Dyskusja o społeczności

Wg mnie to efekt ogromnego rozproszenia ekosystemu OSM. W pewnych sytuacjach jest to zaleta, ale nie gdy chodzi o promowanie wartościowych rozwiążań. Temat powraca co jakiś czas i nadal pewnie tak będzie.

Przecież wyraźnie prosiłem - jeśli już, to na priva… Nie każdy temat się tu nadaje tylko dlatego, że się jakoś wiąże. Chyba, że potrzebny jest wątek typu Hyde park.

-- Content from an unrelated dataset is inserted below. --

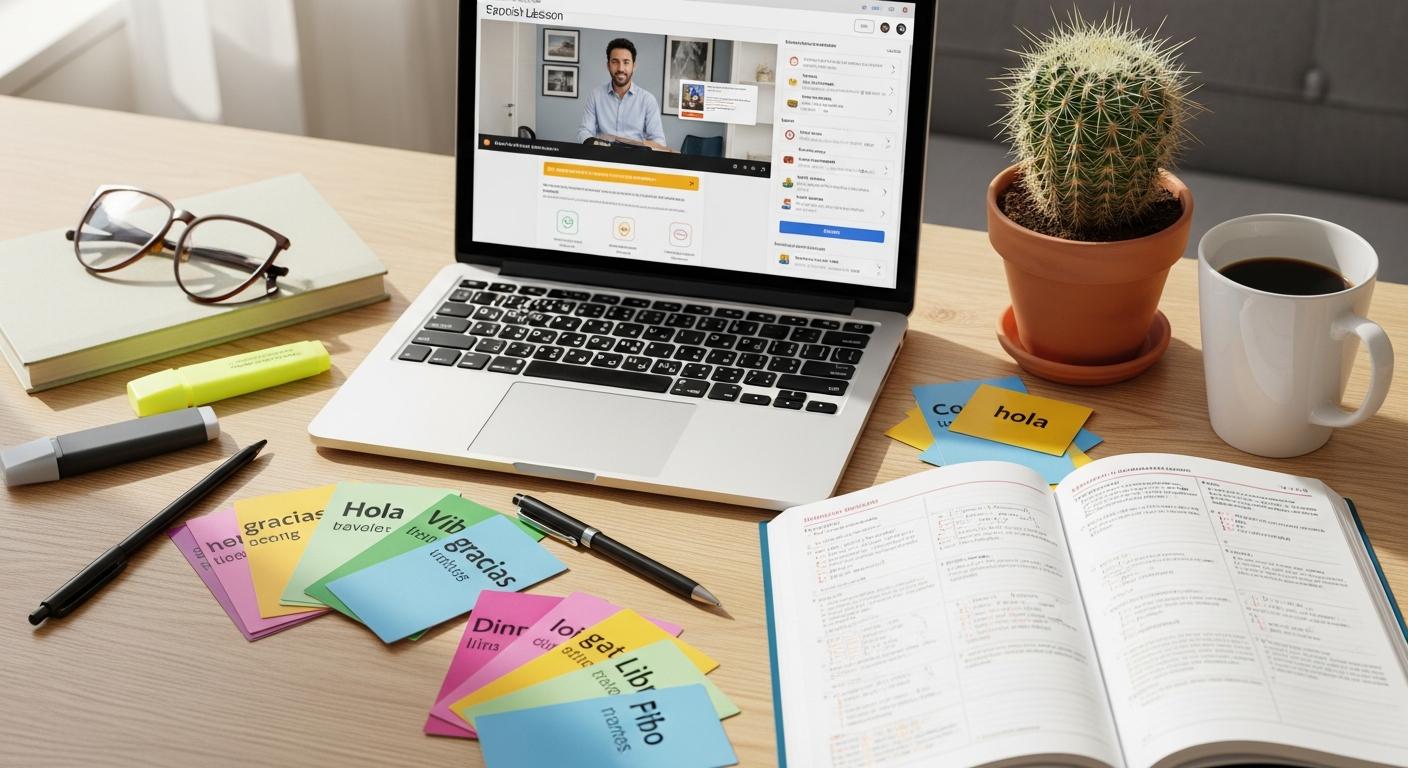 Spanish language learning setup with vocabulary cards and a grammar workbook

Krótko, bo to tylko analogia i nie chcę tego ciągnąć na forum: znów zwracam uwagę na niefortunne podobieństwo - w teorii znają może lepiej, ale praktyczny efekt jest taki, że robi się kodeks pod nich.

Ktoś musi wdrażać decyzje, żeby było sprawnie i naturalnie zwykle będzie to oczywiście ktoś, kto już coś wie i umie (wyjątki: jak nie ma nikogo takiego pod ręką). Natomiast decyzje “polityczne” (w odróżnieniu od “technicznych”, choć to nie jest taki jednoznaczny podział) to kwestia wyboru, a nie jakiejś obiektywnej wiedzy co jest lepsze. Ja się czuję wkurzony na zapyziałość projektu, że w ogóle musimy takie rzeczy decydować jak oznaczać drogi i to nie jest oczywiste, ani związane z technikaliami, a więc jest kwestią konwencji, a nie lepszej wiedzy. Ale znów - teoria jest elegancka, jak np. pisał WiktorN, a praktyka skrzeczy koszmarnie, co starałem się na jednym, wąskim wycinku (za to dobrze rozpoznanym) pokazać.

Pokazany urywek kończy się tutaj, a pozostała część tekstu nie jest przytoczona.